The Wrong Way to Reinvent Media, Part 4:
Expanding Postal Subsidies

by Adam Thierer & Berin Szoka

PFF Progress on Point 17.5 [PDF]

In this ongoing series, we‘ve been exploring various tax and regulatory proposals that would have public policymakers play a greater role in propping up the press in some way. Some academics, advocacy groups, and government officials have suggested that steps need to be taken to assist struggling media enterprises, support news-gathering efforts, or expand public media options. In Parts 1 and 2 of this series, we expressed concern about proposals to impose taxes on devices, networks, or broadcast spectrum licenses to funnel money to public media projects or other “public interest” content or objectives.[1] In Part 3, we questioned the wisdom of government officials creating “news vouchers” or “public interest vouchers.”[2] Other essays will deal with taxes on advertising as a method of funding public media, and the wisdom of welfare for journalists and bailouts for media operators.

A wrap-up essay will then focus on some potentially constructive policy reforms that could assist media enterprises without a massive infusion of state support or regulation of the press. These essays will then be cobbled together and submitted as part of PFF’s filing to the Federal Communications Commission (FCC) as part of its “Future of Media” proceeding (filings are due May 7th).

In this essay we discuss an idea favored by a number of media scholars and advocacy groups: expanded postal subsidies as a method of assisting struggling media enterprises.[3] The revisionist histories penned by some of these scholars would have us believe the Founding Fathers were practically media Marxists, enthralled with public subsidization of the press.  Of course, in reality, nothing could be further from the truth.  Just because they provided a modest postal subsidy for press materials doesn’t mean the Founders believed that government should be micromanaging or massively subsiding this sector. The “Congress shall make no law” language found in the First Amendment confirms that.

Can We Afford It?

Practically speaking, the idea of expanding postal subsidies at this time seems like a non-starter. The U.S. Postal Service simply can’t absorb the losses associated with expanded postal subsidies. The Washington Post recently noted that, “The Postal Service is on course to lose more than $7 billion this year, despite substantial recent cost-cutting, and it could lose more than $238 billion by 2020. Approaching the limits of its federal credit line, the USPS must change drastically or go bust.”[4] The U.S. Postal Service itself has noted that, “even if its plan [to cut losses and increase revenues] was to succeed in every action that present legislation allows, the Postal Service would still face unsustainable losses of at least $115 billion by 2020.”[5] Yet the Postal Service acknowledges it has “an unsustainable business model” as volume and revenues continue to plummet with no end in sight.[6] Similarly, in a recent report to Congress, the U.S. Government Accountability Office (GAO) found that the Postal Service’s business model “is not viable due to [its] inability to reduce costs sufficiently in response to continuing mail volume and revenue declines.”[7]

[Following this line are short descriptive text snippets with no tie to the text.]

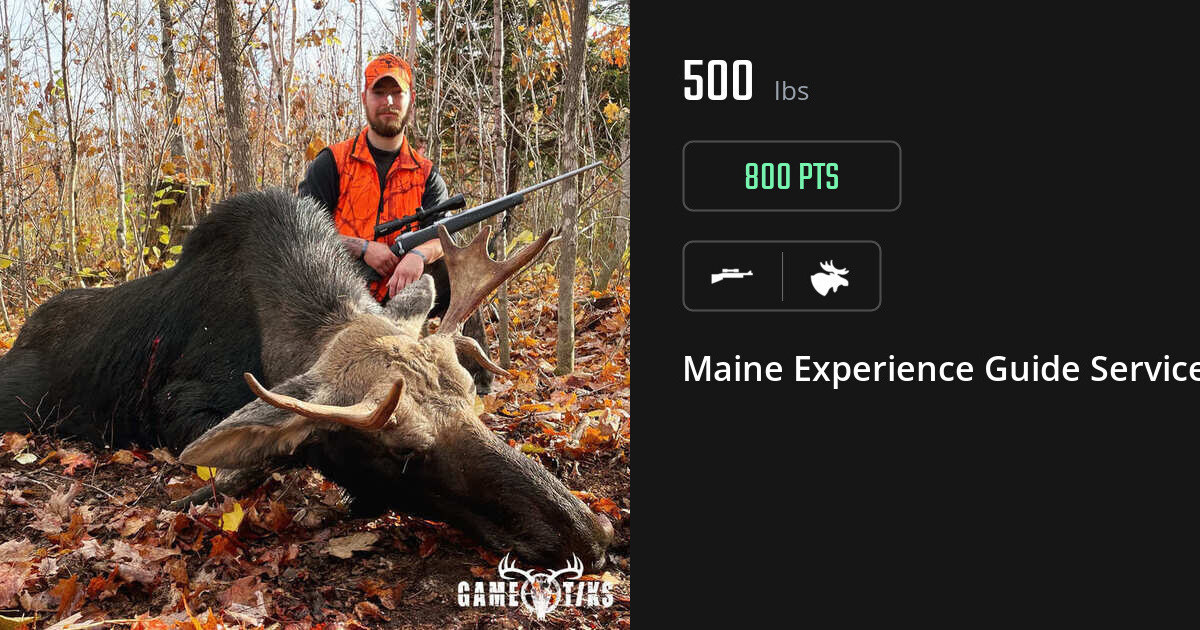 Moose harvest on Gametiks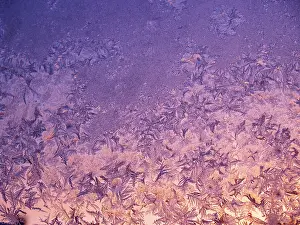 Frosty Landscape Photography Drucke: Frost patterns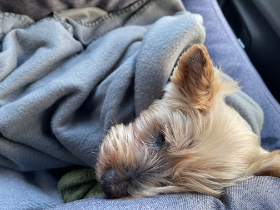 Lap of Love Veterinary Hospice Sacramento,
California Testimonial for Dr. Sam Counts
by Jeffrey undefined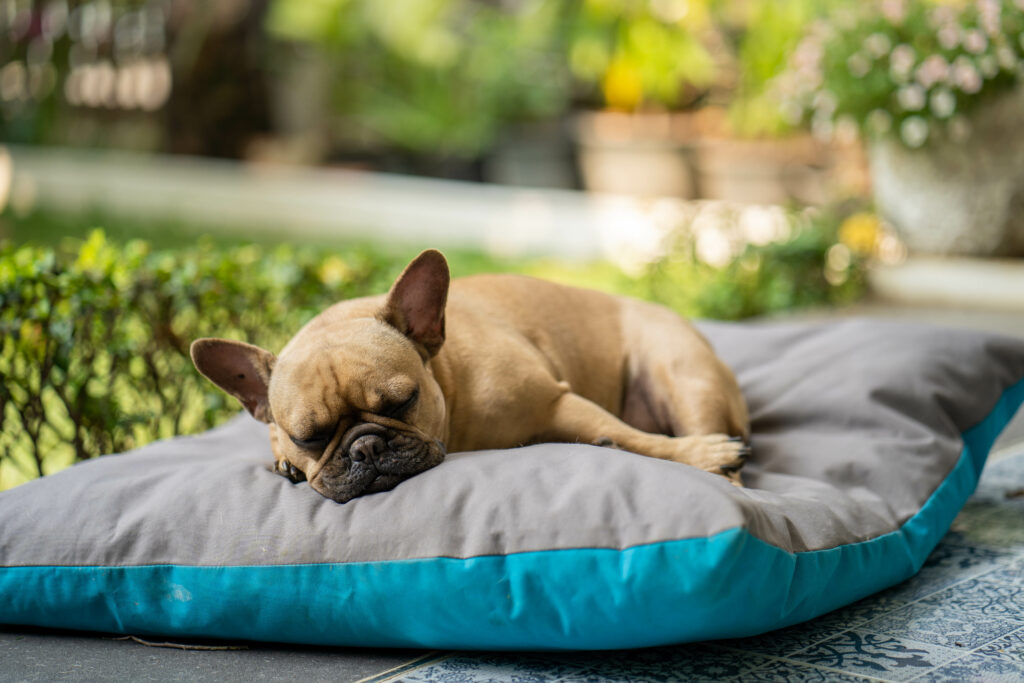 How often to wash dog bed?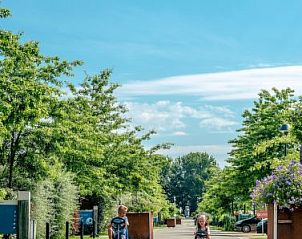 Unterkunft 326562 - Ferienhaus Veluwe - Vakantiehuis Exclusif 4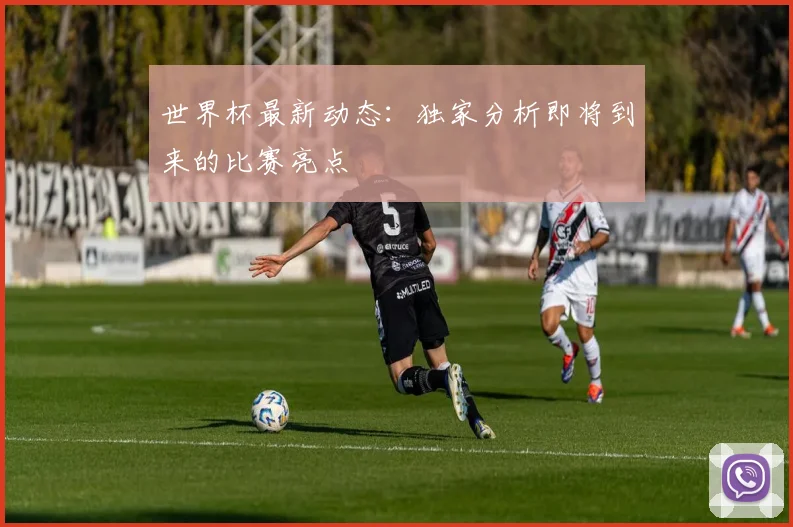世界杯最新动态：独家分析即将到来的比赛亮点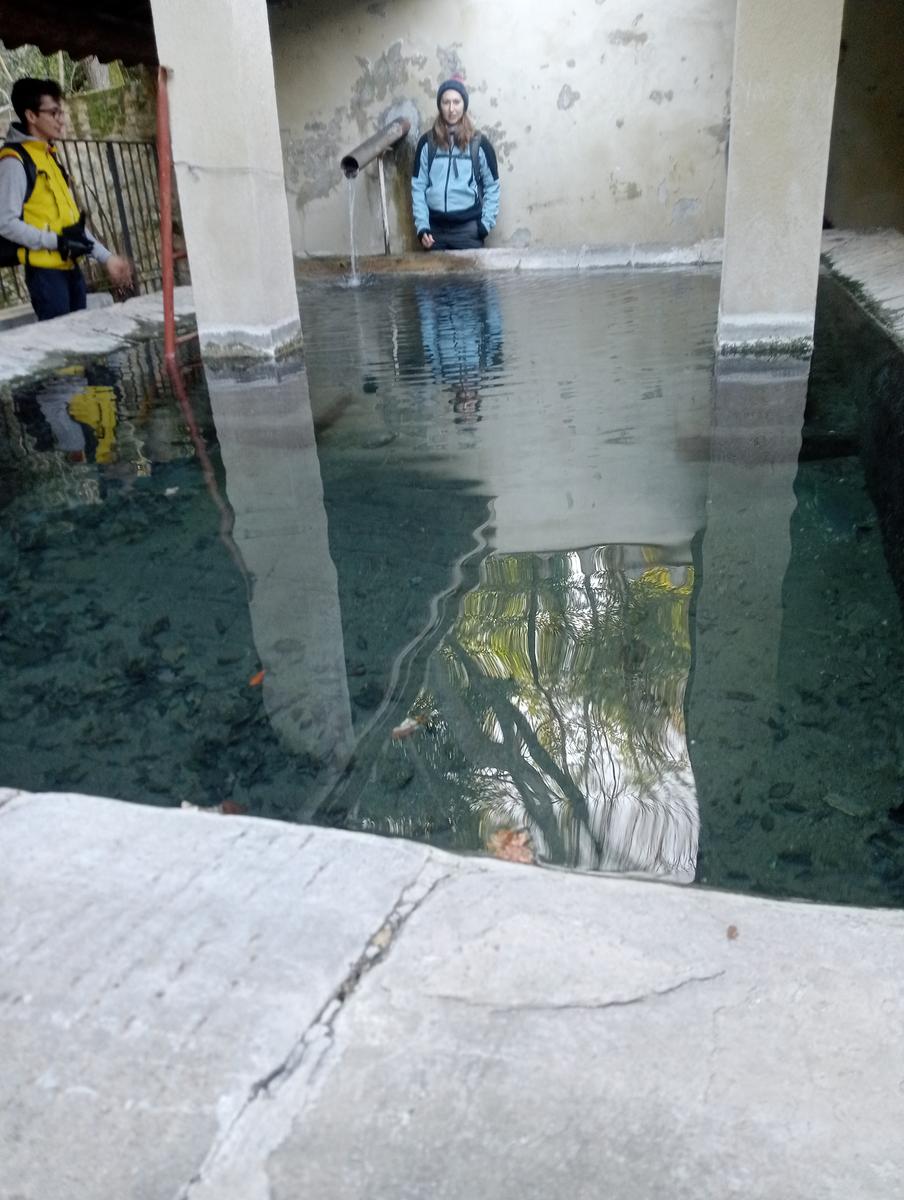 Sasso Pisano - Fumarole - Anello con Friends in trekking - foto 27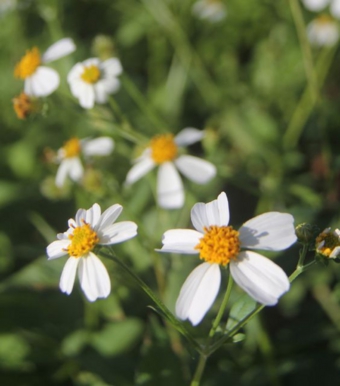 シロノセンダングサ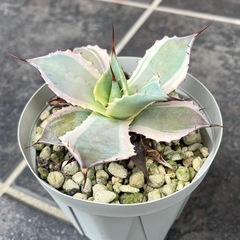 アガベ・ホワイトエッジの画像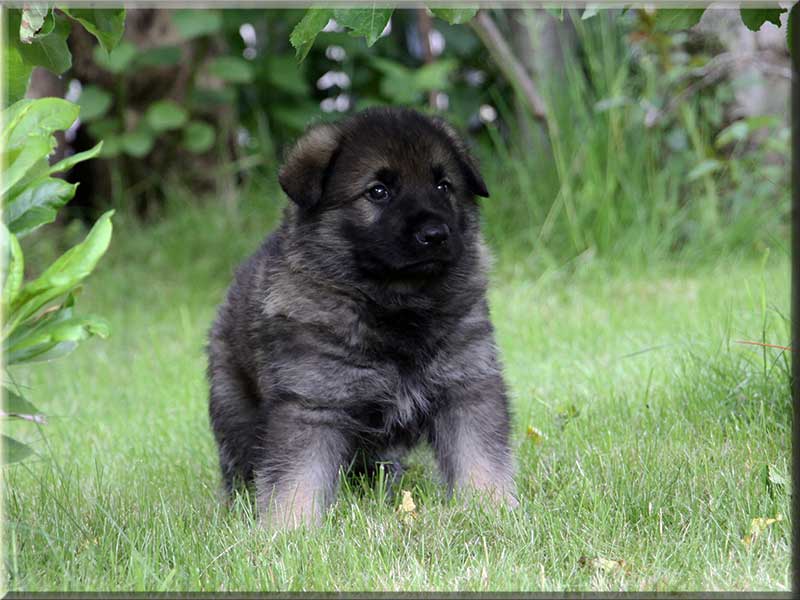 D-Wurf von Schörner's Schmiede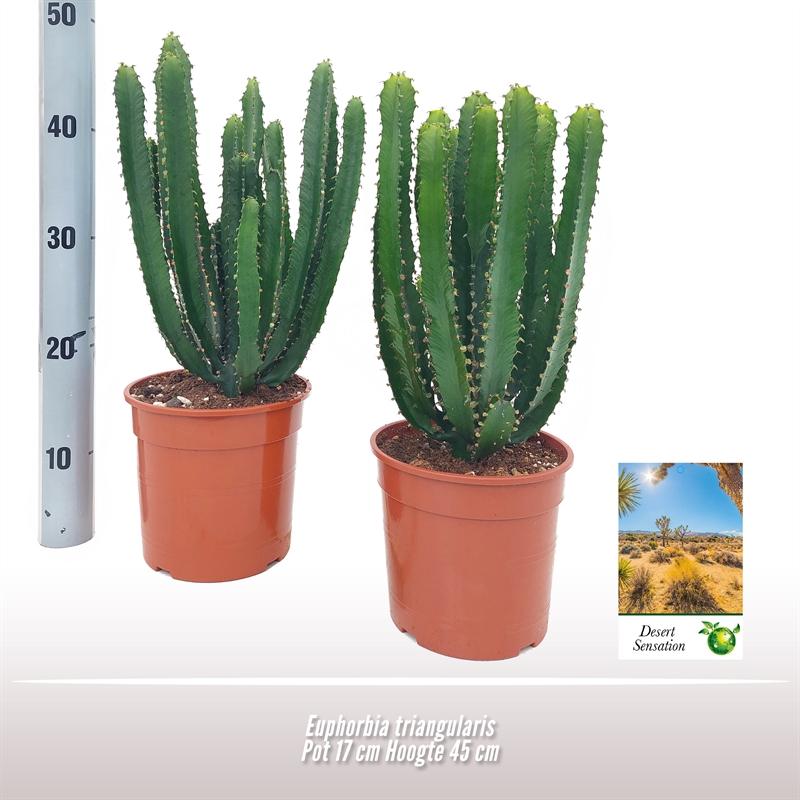 Euphorbia Triangularis – Pflegeleichte Sukkulente Ø17cm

One cost-saving method that the Postal Service has floated is an increase in “preferred-class pricing” (subsidized rates for media products):

Addressing the pricing of preferred mail—such as non-profit mail, Media Mail, Library Mail, and Periodicals—would ensure that these products get to a point where they cover costs while contributing reasonably to overhead costs. An alternative would be appropriations funding to cover the gap.[8]

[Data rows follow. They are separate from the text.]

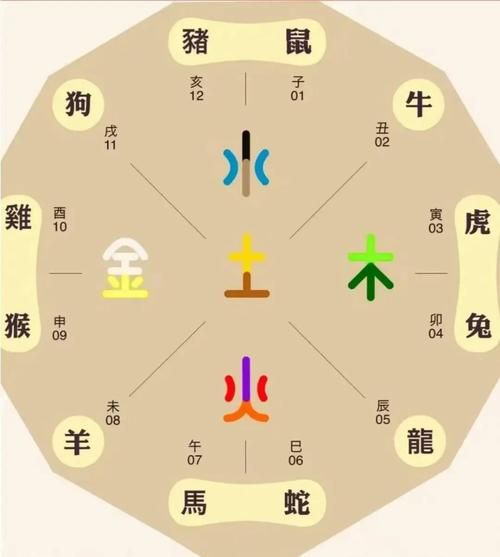 80多岁属什么生肖属相(80多岁属什么生肖的属相)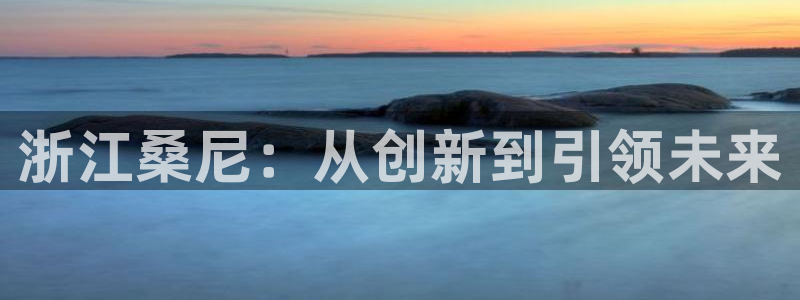 sunbet手机网页版下载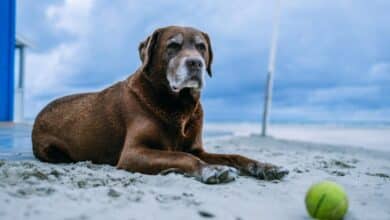 Discospondilitis en perros: síntomas, causas y tratamiento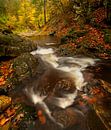 Volop herfst aan de rivier de Getzbach in de Hoge Venen in de Ardennen. van Jos Pannekoek thumbnail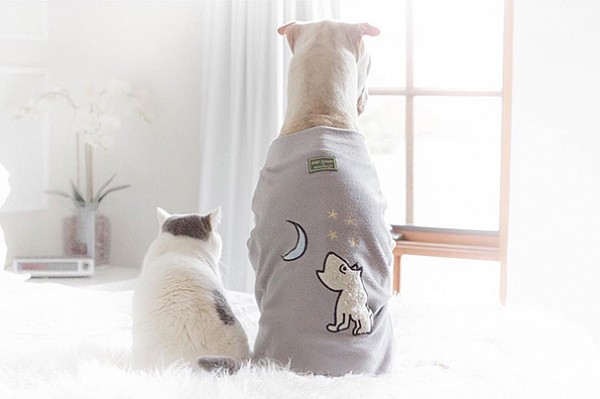 Мережу підкорюють зворушливі фото дружби між котом і собакою - фото 11
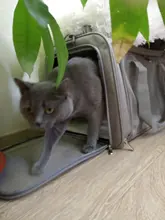 Dog-Carrier-Bag Travel-Bags Dog-Backpack Transport Soft-Side Airline-Approved Cats Small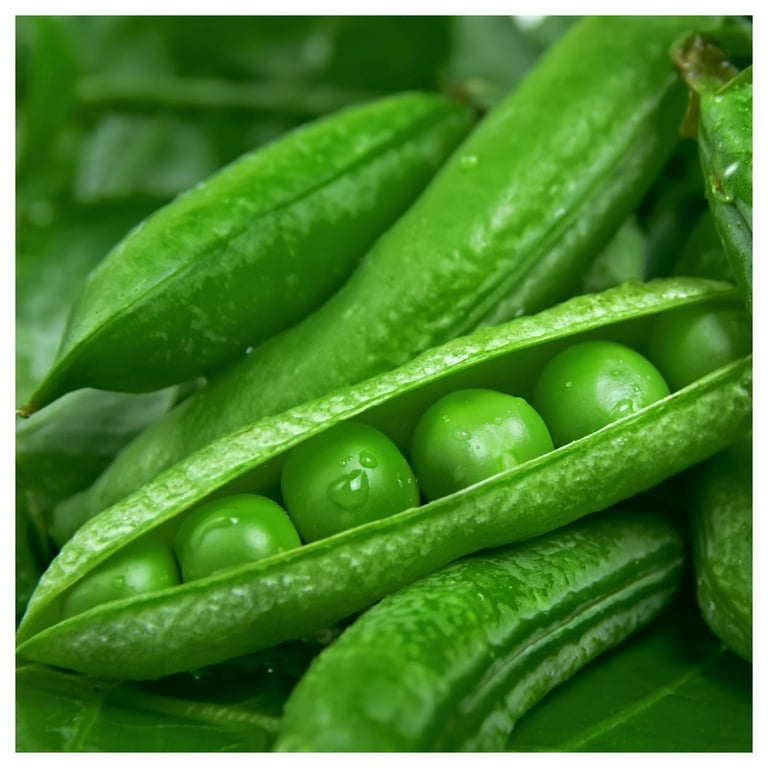 Everwilde Farms - 1/4 lb Lincoln Shell Garden Pea Seeds - Gold 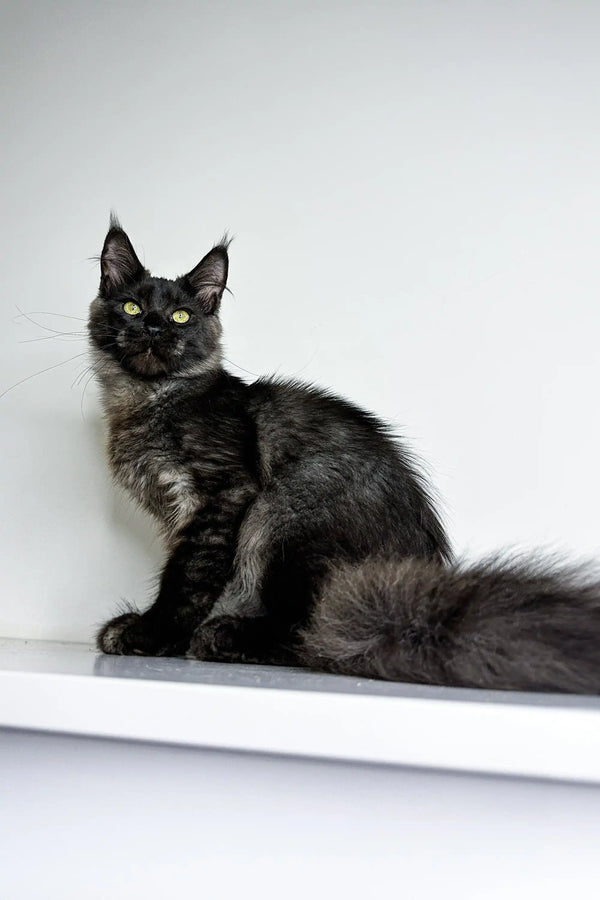 Long-haired Maine Coon kitten Zeus with green eyes sitting alertly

Thus, it seems clear that the Postal Service itself believes even existing postal subsidies place too great of a strain on an already failing system. And the GAO notes:

Historically, some types of mail were designed to channel broad public goals, such as furthering the dissemination of information, the distribution of merchandise, and the advancement of nonprofit organizations.  For example, Periodicals (mainly, mailed magazines and newspapers) have historically been given favorable rates, consistent with the view that they help bind the nation together, but this class has not covered its costs for the past 13 fiscal years.… These escalating losses have provoked growing concern and controversy.[9]

The report notes annual losses for the various categories of subsidized mail service and the mounting costs of subsidies, as illustrated in the adjoining exhibit.[10]

As the cost of existing postal subsidies mount, it seems likely the public wouldn’t take kindly to the idea of being forced to foot the bill for vastly increased subsidies. According to a new Washington Post-ABC News poll, more Americans would rather give up some daily service than pay more to the Postal Service to cover the massive losses the Postal Service is expected to incur in coming years:  71% of those polled said they favored ending Saturday deliveries while just 44% said they favored raising stamp prices or providing additional federal funding.[11] For these reasons, a significant expansion of media subsidies seems both unwise and untenable.

More Subsidies, More Meddling

Importantly, as is the case with many of the other proposals discussed in our ongoing series, a significant expansion in government involvement raises the specter of increased meddling by policymakers with the media.  Proponents of expanding postal subsidies often gloss over the rather horrifying history of censorship by the Postal Service in the past.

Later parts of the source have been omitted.